Interest paid to depositors totaled $1.0 million for the three months ended
March 31, 2000, down $30,000 from the $1.0 million for the three months ended
March 31, 1999. Average deposit balances declined $4.5 million from $89.5
million for the quarter ended March 31, 1999 to $85.0 million for the quarter
ended March 31, 2000.
Interest on FHLB advances was $835,000 for the three months ended March 31,
2000, compared to $306,000 for the same period in 1999. The increase was a
direct result of the continued increase in total FHLB advances in the Company's
program to match fund 15 year loans and securities with advances.
Provision For Loan Losses. The Company made provision for loan losses of $402
during the quarter ended March 31, 2000 and none for the quarter ended March 31,
1999. [See - "Asset Quality"]
Noninterest Income. Noninterest income totaled $58,000 for the three months
ended March 31, 2000, compared to $75,000 for the same period in 1999, a $17,000
decrease.
The decrease in noninterest income was the result of a decline in gains on sales
of interest earning assets of $18,000 as fewer loans were sold into the
secondary market.
Noninterest Expenses. Noninterest expenses totaled $789.000 for the three months
ended March 31, 2000, compared to $772,000 for the three months ended March 31,
1999.
The increase in noninterest expense was the result of a $63,000 increase in
occupancy and equipment expense from $69,000 for the three months ended March
31, 1999 to $132,000 for the three months ended March 31, 2000. The increase in
occupancy and equipment expense was the result of the new full-service office
opened for business in April 1999. At March 31, 2000 the new location had
approximately $6.4 million in loans outstanding and $3.7 million in deposits.
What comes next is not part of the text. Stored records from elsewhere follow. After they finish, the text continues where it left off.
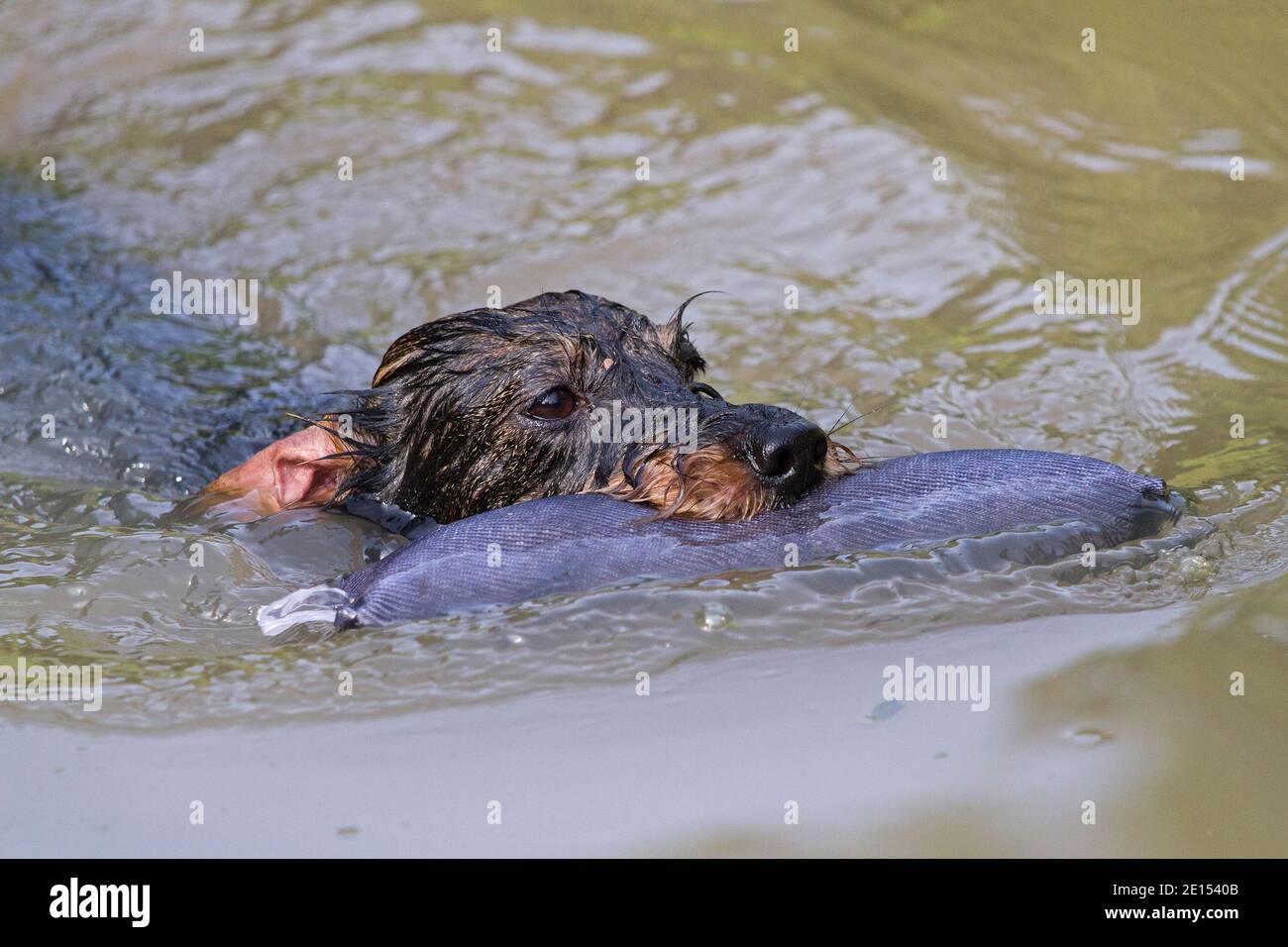 Enthusiastic Dachshund In The Water Work With Dummy Stock Photo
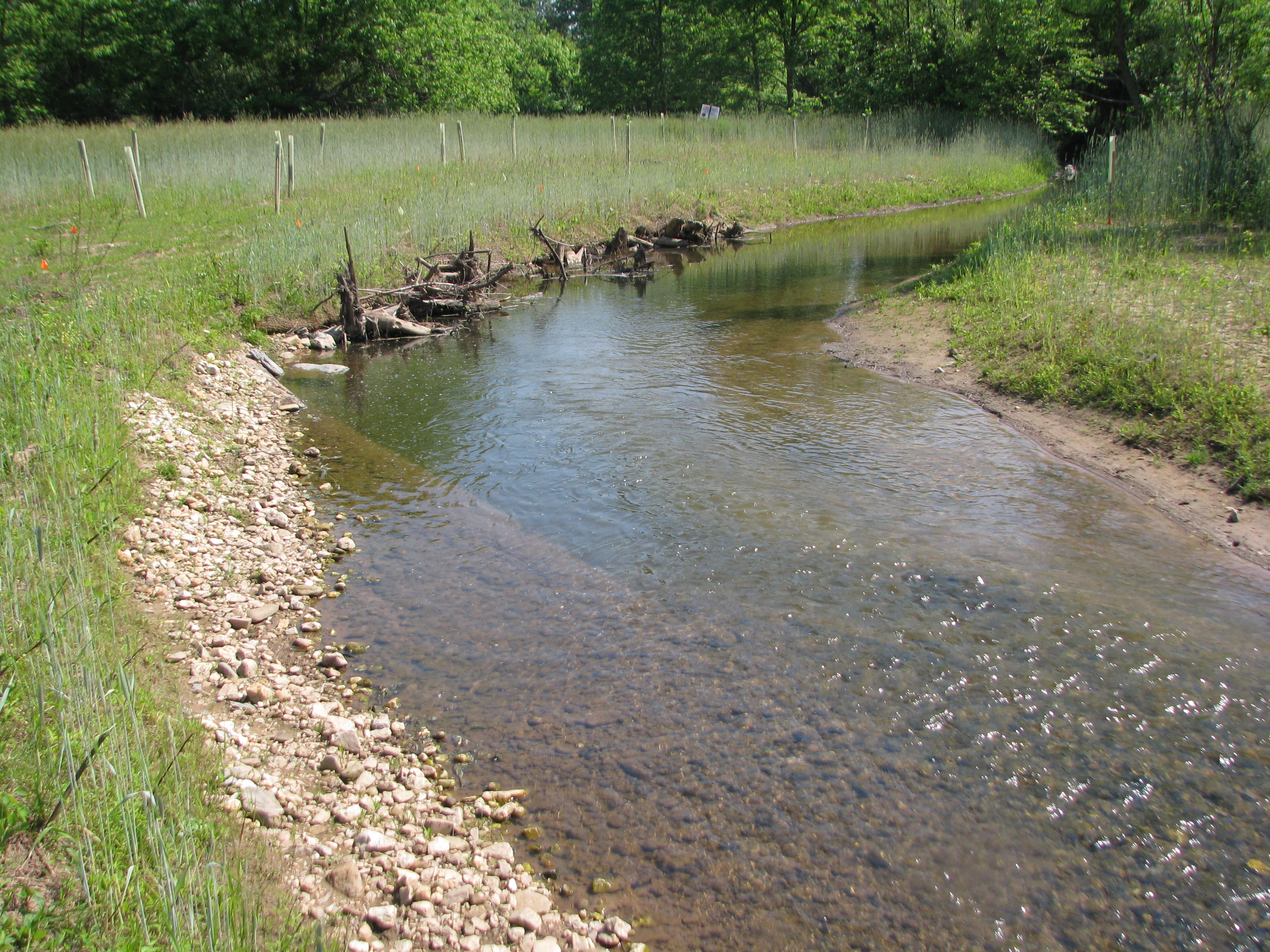 Little Tuscarora Creek Restoration and Habitat Creation Frederick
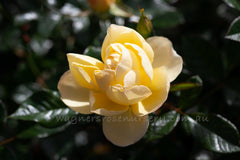 Golden Touch - Potted Rose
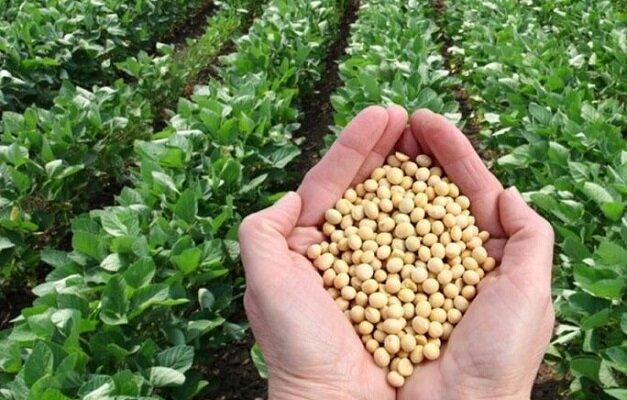 ارزش سالانه بذرهای تولید داخل بیش از دو میلیارد دلار برآورد شد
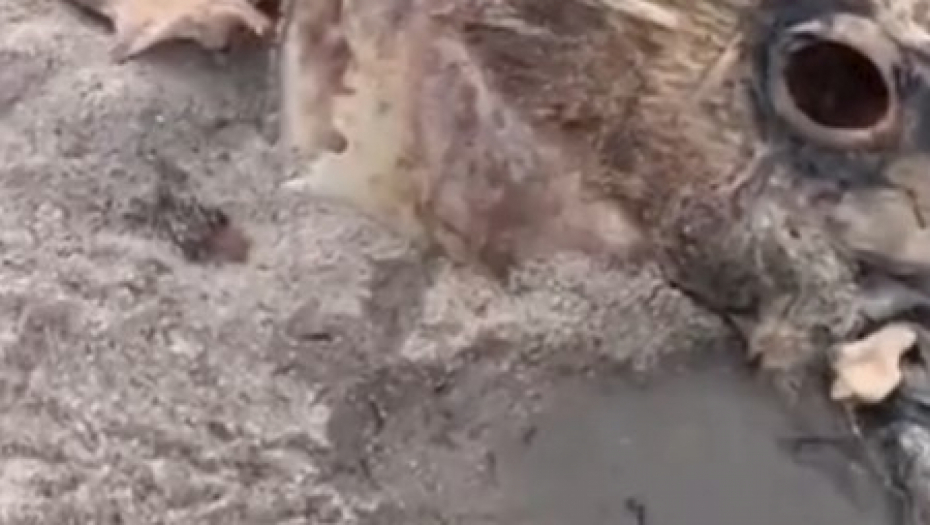 ŠTA JE OVO, LJUDI MOJI? Psi nanjušili ostatke sablasnog morskog stvorenja, niko nema pojma šta je u pitanju! (VIDEO)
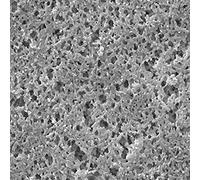 Millipore 044192 nylon filtro a membrana 0.45 µm, diametro 25 mm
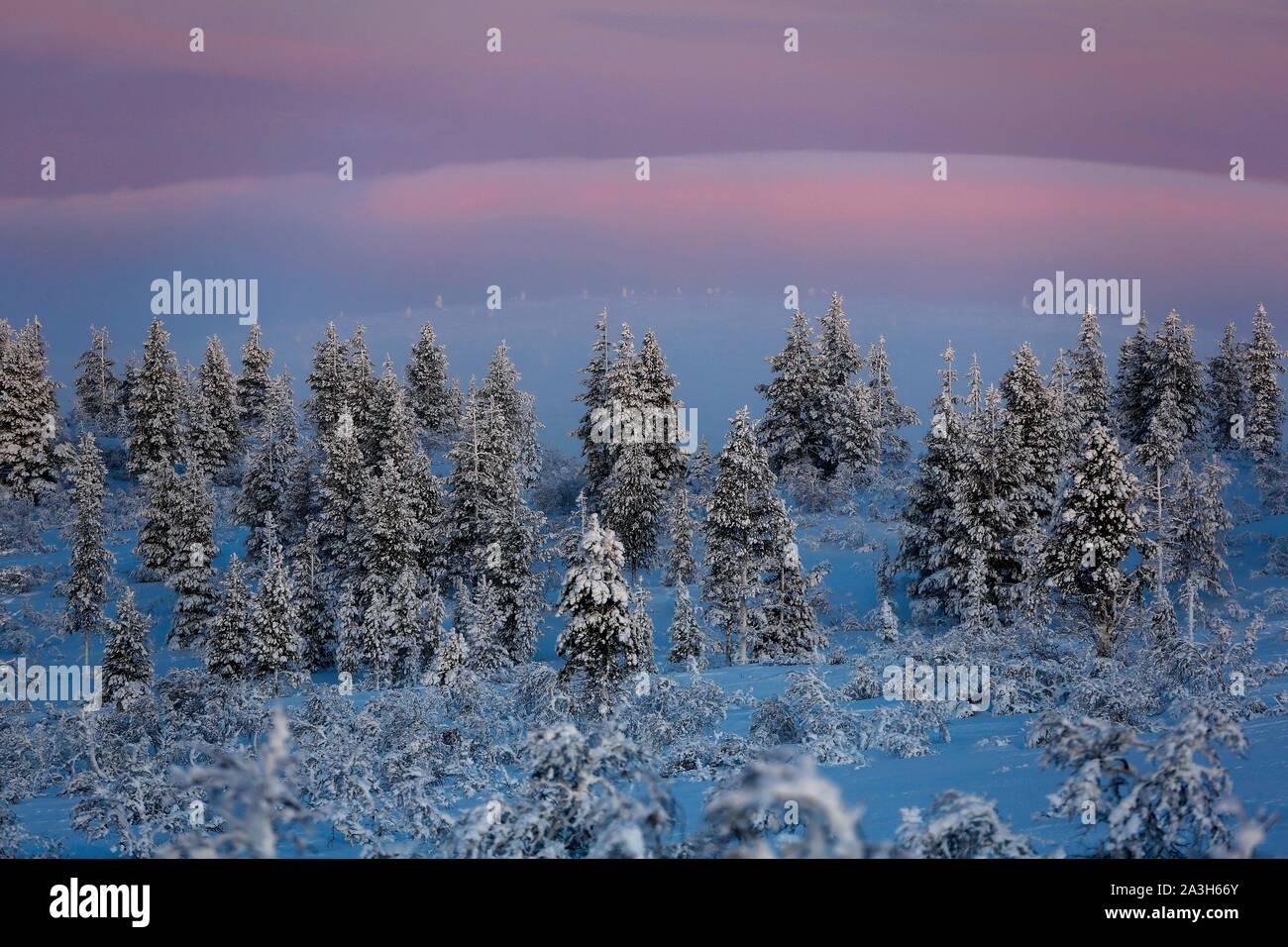 Finland, Lapland, Inari, the Boreal Forest covers more than 70% of the Finnish territory Stock Photo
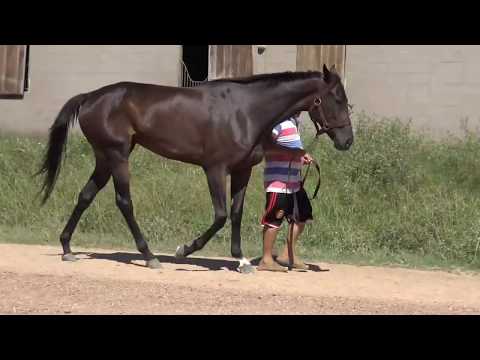 Lote CAROLINE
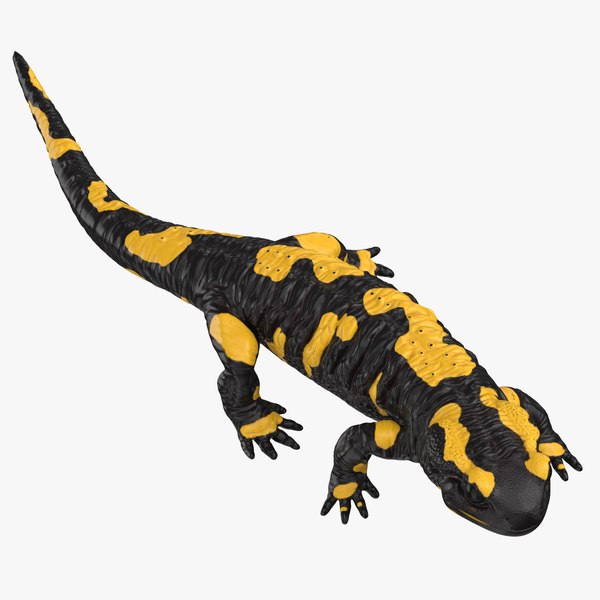 3D salamander walking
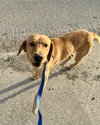 Percy - ADOPTION PENDING - Photo 6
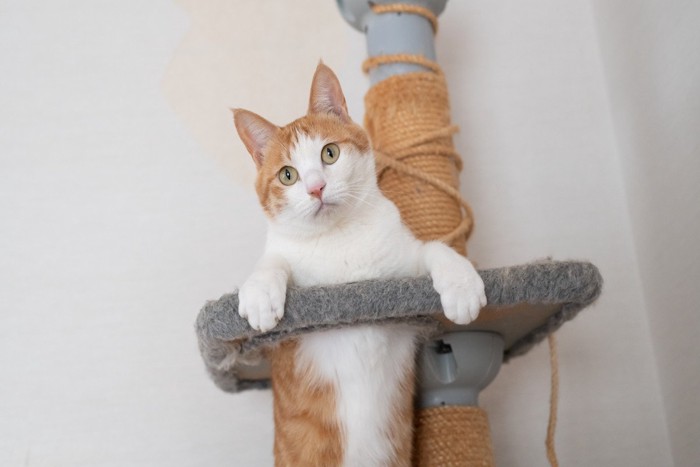 キャットタワーでポーズをとる猫
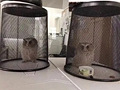 猫头鹰飞进办公室了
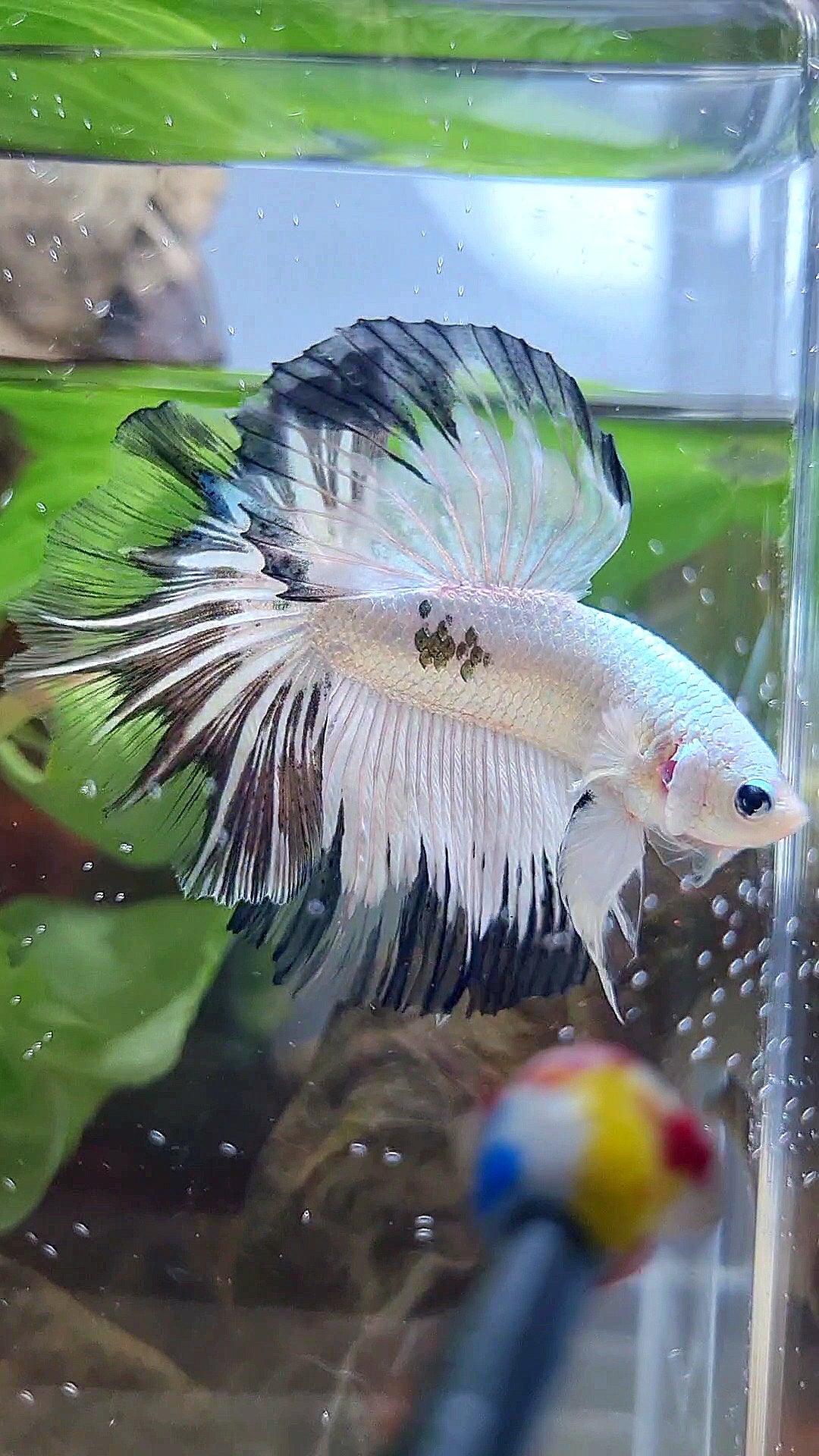 HALFMOON ROSETAIL COPPER RIM BLACK PATTERN STARTAIL BETTA FISH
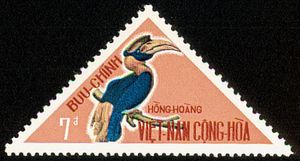 Great Hornbill (Buceros bicornis)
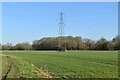 Pylon, Teise valley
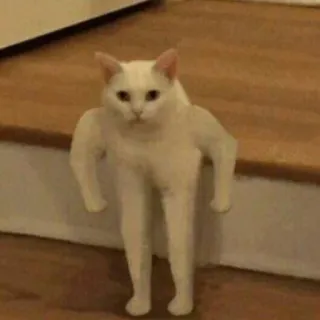 💪 41f7a673 แมว, สัตว์, ตลก, มีม, ขำขัน, มุกตลก, แปลก, ประหลาด telegram sticker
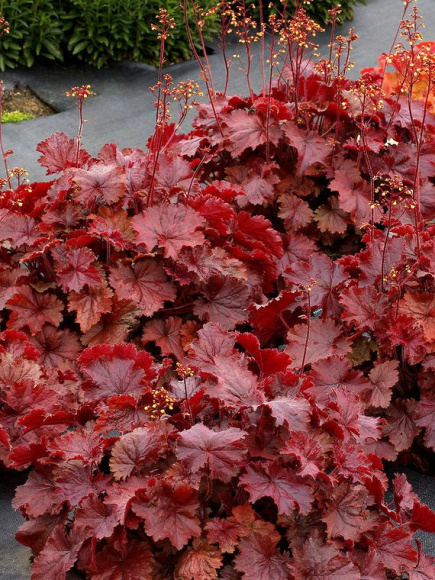 Гейхера Нозен Эксплоужен Ред (Northern Exposure Red) купить с доставкой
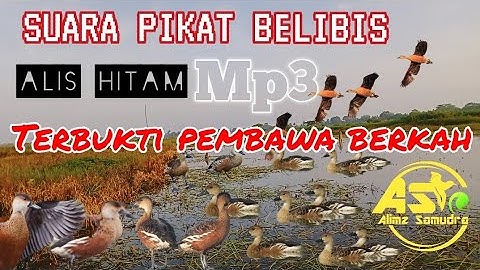 SUARA PIKAT 🔥 BELIBIS ALIS HITAM JITU DAN TERUJI❗❗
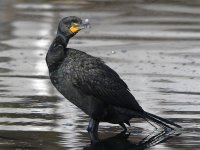 Cormorant.jpg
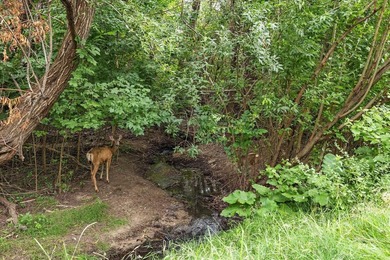 OPEN HOUSE SAT 7/25 11am-1pm. Backing directly to Crane Creek - photo 41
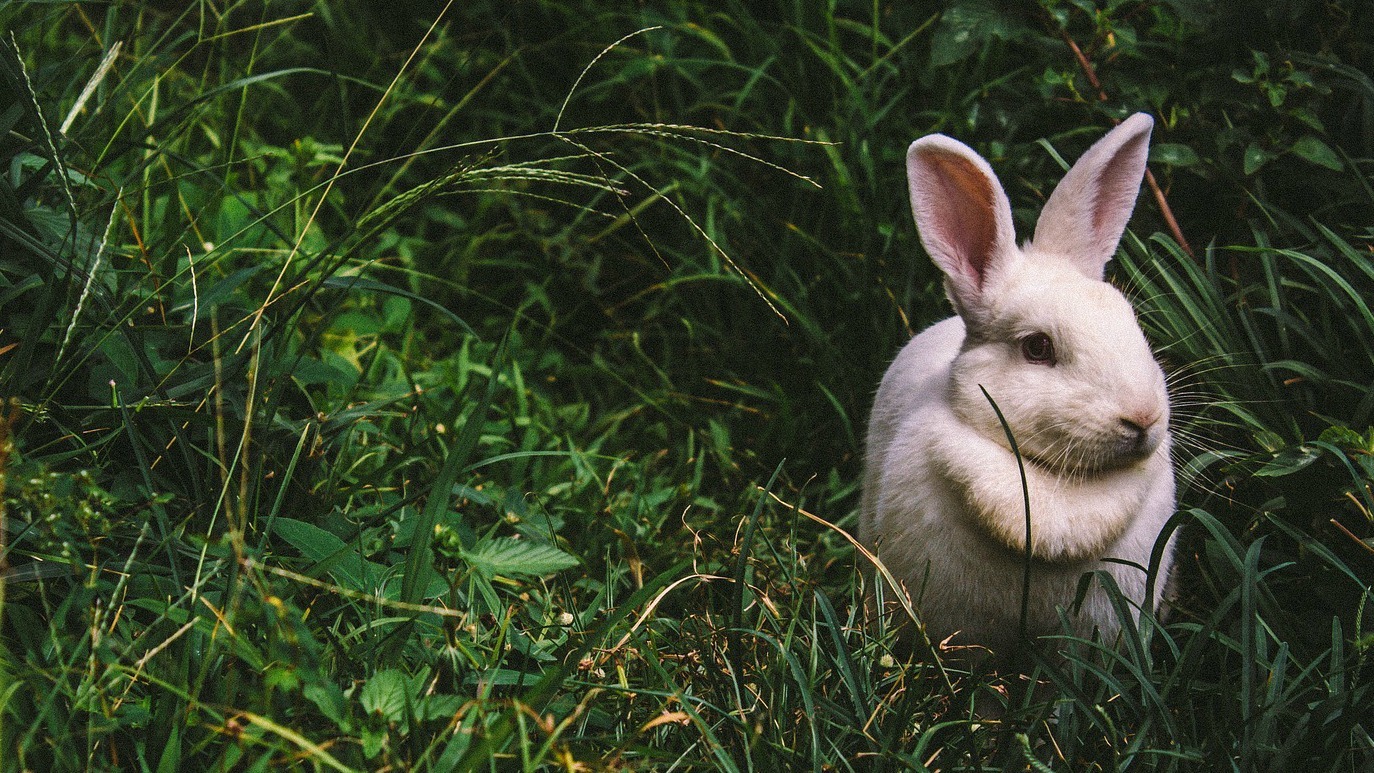 xxxtatic OnlyFans header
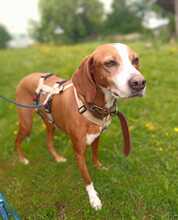KIONA, Hund, Mischlingshund in Grebenau - Bild 1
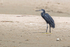 Western Reef Egret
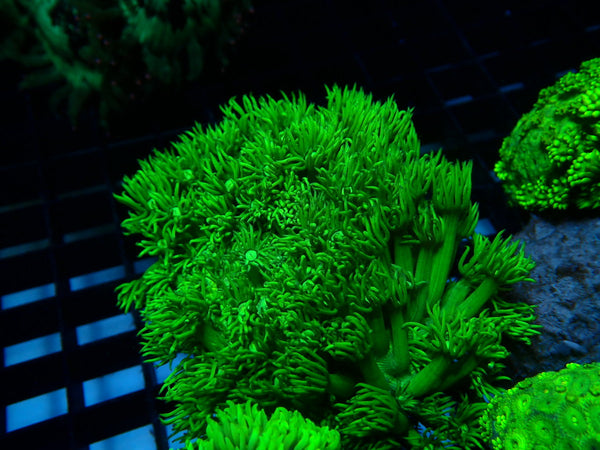 Goni Medium green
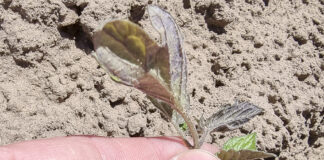 Jak wspomóc rośliny po przymrozkach i chłodach (komunikat warzywniczy 19 maja 20222)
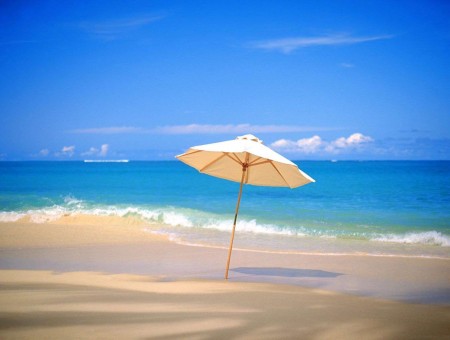 White And Brown Beach Umbrella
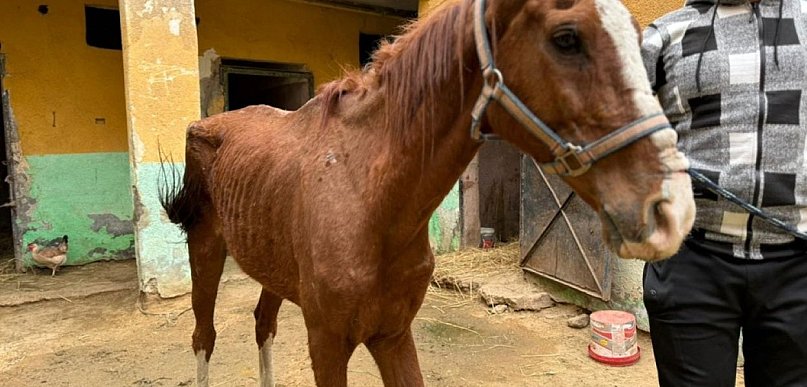 Wirtualna adopcja to coś więcej niż symboliczna pomoc. Jak naprawdę wygląda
Provision For Income Taxes. The Company incurred federal income tax expense of
$35,000 or 40.0% of pre-tax income for the three months ended March 31, 2000,
compared to $40,000 or 40.8% of pre-tax income for the three months ended March
31, 1999.
COMPARISON OF THE SIX MONTHS ENDED MARCH 31, 2000
AND MARCH 31, 1999
General. For the six months ended March 31, 2000, the Company reported net
income of $147,000 or $.13 per common share and $.12 per common share - assuming
dilution, compared to $207,000 or $.15 per common share and $.15 per common
share - assuming dilution for the six months ended March 31, 1999. The decrease
in net income was attributable to an $86,000 decrease in noninterest income and
a $71,000 increase in noninterest operating expenses, which were partially
offset by a $61,000 increase in net interest income after provisions for loan
losses and a $35,000 decrease in income tax expense.
<PAGE>
Net Interest Income. For the six months ended March 31, 2000, net interest
income after provisions for loan losses totaled $1.7 million, an increase of
$61,000 from the $1.6 million reported for the six months ended March 31, 1999.
On an annualized basis, the $1.7 million in net interest income after provisions
for loan losses for the current period was approximately 2.24% of average
interest earning assets and 2.15% of average total assets. For the six months
ended March 31, 1999, the $1.6 million in net interest income after provisions
for loan losses was approximately 2.59% of average interest earning assets and
2.50% of average total assets. Average interest earning assets were
approximately $150.0 million for the six months ended March 31, 2000, compared
to $123.8 million for the six months ended March 31, 1999.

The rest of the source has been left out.